Barème "Macron" des indemnités de licenciement : Plusieurs Conseils des prud’hommes jugent ce barème inconventionnel au regard du droit européen et international

30 janvier 2019

Plusieurs jugements de conseils de prud’hommes, à Troyes, Amiens, Lyon et Grenoble se sont prononcés en décembre 2018 et en début d’année 2019 en décidant d’écarter l’application du barème d’indemnisation des salariés, instauré par ordonnance en septembre 2017, en cas de licenciement sans cause réelle et sérieuse.

Pour les juges de première instance, ce barème de licenciement des indemnités prud’homales, prévu par l’article L. 1235-3 du code du travail n’est pas conforme au regard du droit européen et international.

- Jugement N°18/00036 du Conseil de Prud’hommes de Troyes du 13 décembre 2018

Le CPH de Troyes indique dans son jugement que le barème de plafonnement des indemnités prud’homales, instauré par l’ordonnance 2017-1387 du 22 septembre 2017, au regard du droit européen et international, viole la Charte Sociale européenne et la Convention n° 158 de l’OIT.

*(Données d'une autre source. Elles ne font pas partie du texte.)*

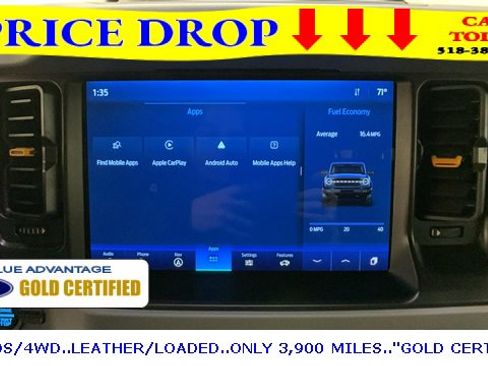 Certified 2023 Ford Bronco Badlands image 36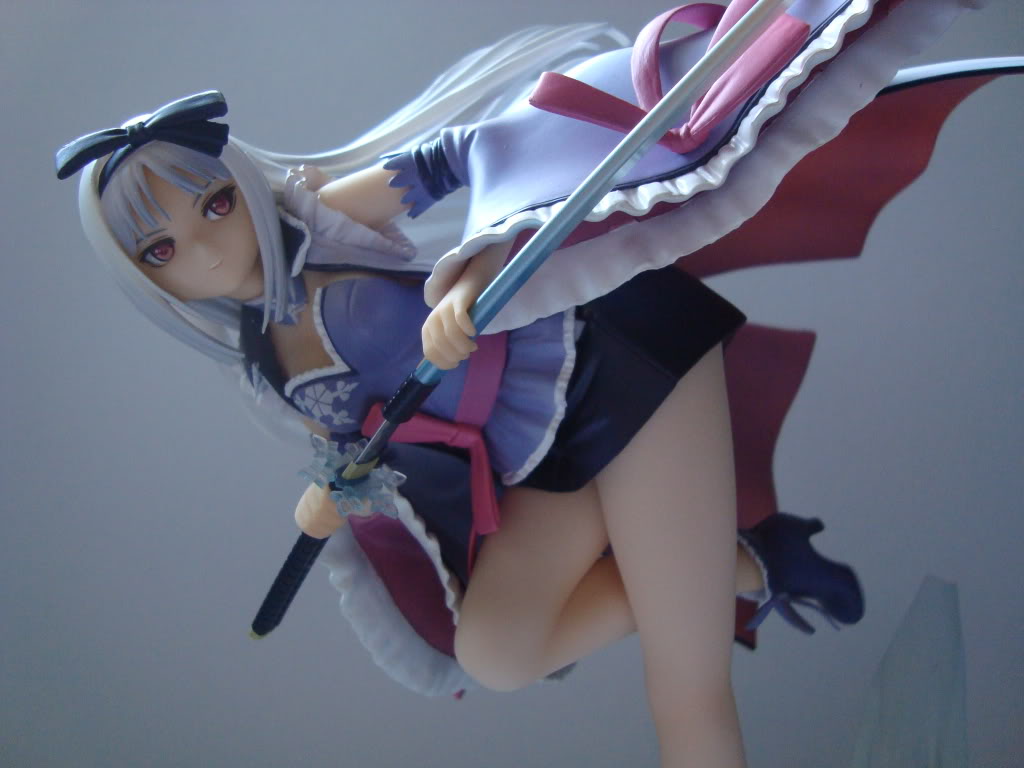 [Review] Fubuki 1/8 -Shining Hearts- (Kotobukiya) DSC05261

Pour le CPH, les barèmes prévus à l’article L. 1235-3 du Code du travail sont donc inconventionnels.

Cet article précise, depuis l’ordonnance n°2017-1387 du 22 sept.2017, art.2, que : « Si le licenciement d’un salarié survient pour une cause qui n’est pas réelle et sérieuse, le juge [...] octroie au salarié une indemnité à la charge de l’employeur, dont le montant est compris entre les montants minimaux et maximaux fixés » dans des tableaux en fonction de l’ancienneté du salarié et de la taille de l’entreprise, et pouvant aller jusqu’à 20 mois maximum.

Toutefois, ce plafonnement limitatif des indemnités prud’homales ne permet pas aux juges d’apprécier les situations individuelles des salariés injustement licenciés dans leur globalité et de réparer de manière juste le préjudice qu’ils ont subi.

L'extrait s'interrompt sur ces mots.